** Aim of the task **
When the line with "[陈]新坊陈氏宗谱_18卷_含首1卷 (浙江) 新坊陈氏家谱_二十九.pdf" turns up below, begin repeating exactly, and carry on through the line with "Jmse 11 01764 g003 Jmse 11 01764 g003"; no pictures go into the copy.

** Raw data **
^^^^^^^^
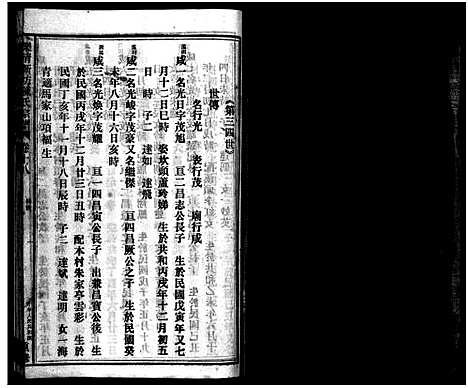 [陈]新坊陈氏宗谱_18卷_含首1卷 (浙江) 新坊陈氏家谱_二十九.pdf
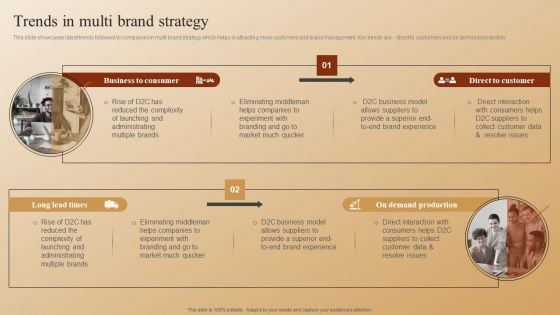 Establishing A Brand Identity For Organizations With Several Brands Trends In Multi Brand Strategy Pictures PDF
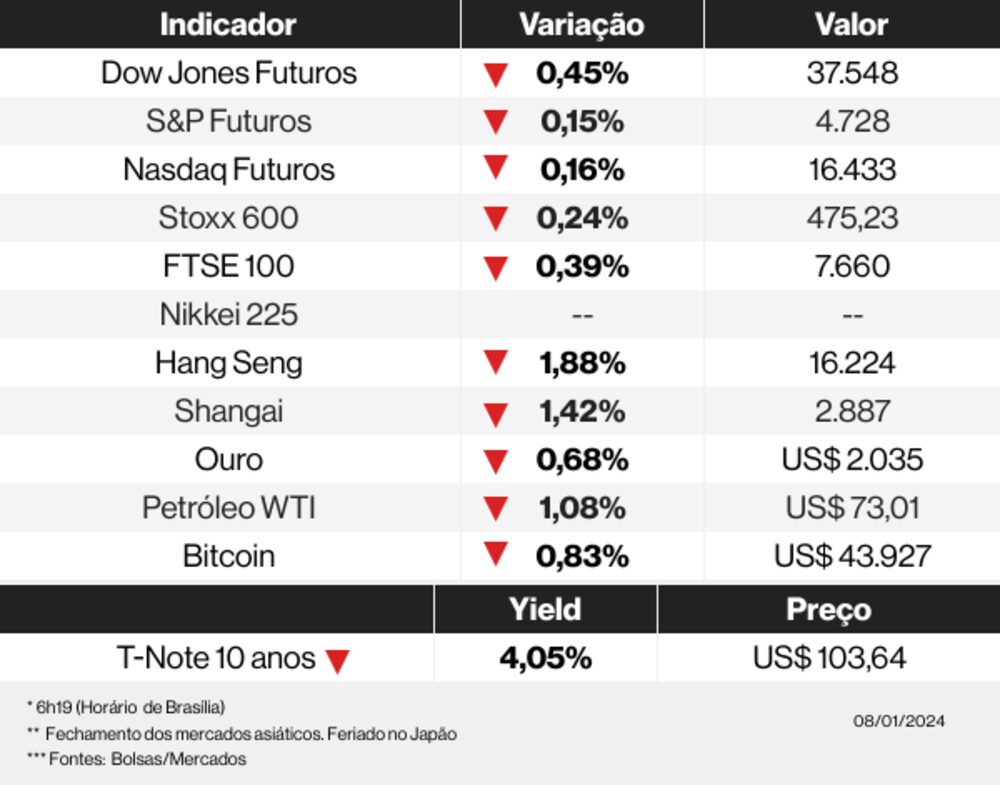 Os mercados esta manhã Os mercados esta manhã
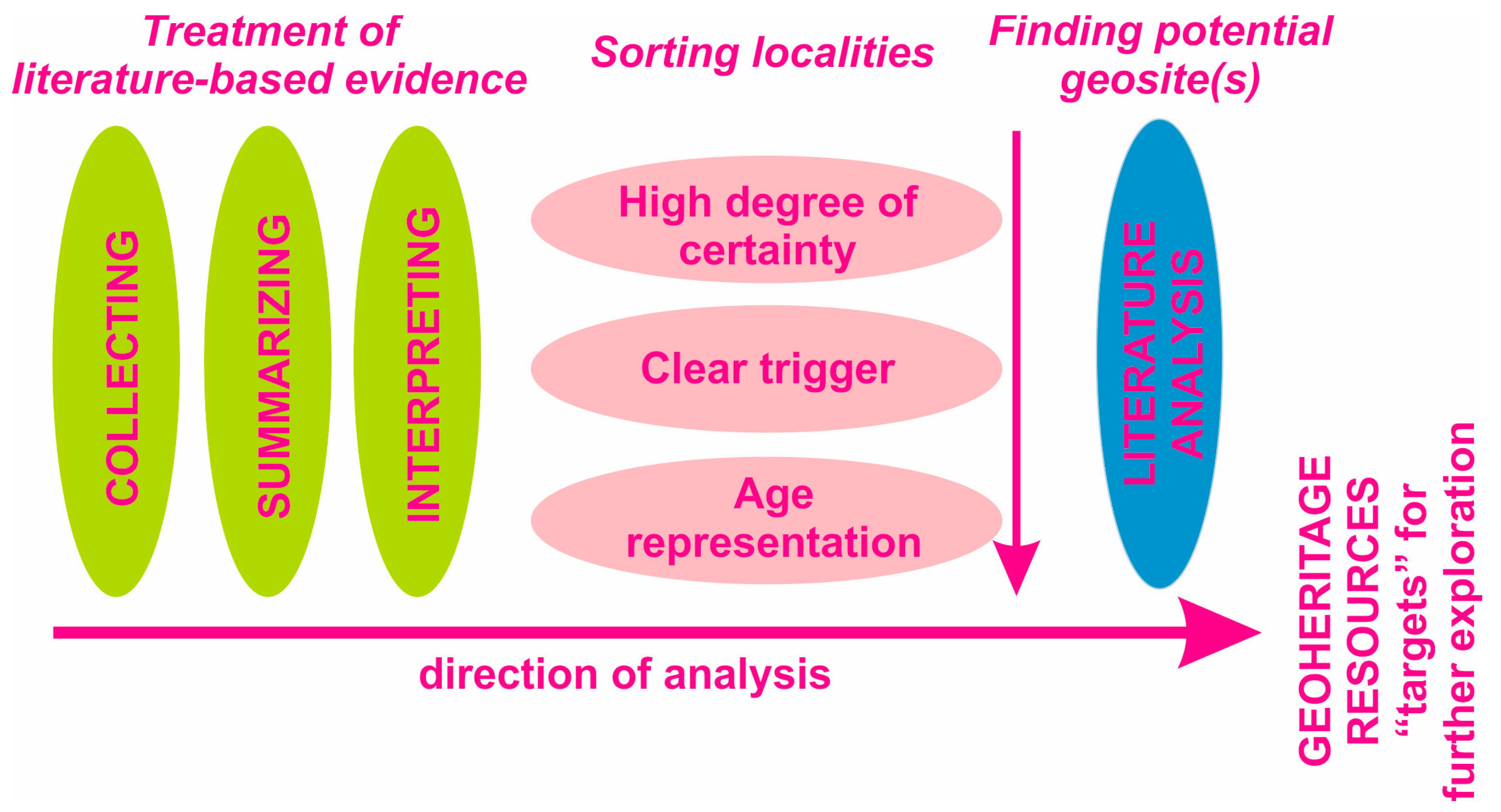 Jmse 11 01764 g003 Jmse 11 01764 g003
^^^^^^^^
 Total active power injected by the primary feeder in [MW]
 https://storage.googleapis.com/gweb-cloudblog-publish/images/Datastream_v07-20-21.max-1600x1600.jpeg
^^^^^^^^
** The completed task **
 [陈]新坊陈氏宗谱_18卷_含首1卷 (浙江) 新坊陈氏家谱_二十九.pdf
 Establishing A Brand Identity For Organizations With Several Brands Trends In Multi Brand Strategy Pictures PDF
 Os mercados esta manhã Os mercados esta manhã
 Jmse 11 01764 g003 Jmse 11 01764 g003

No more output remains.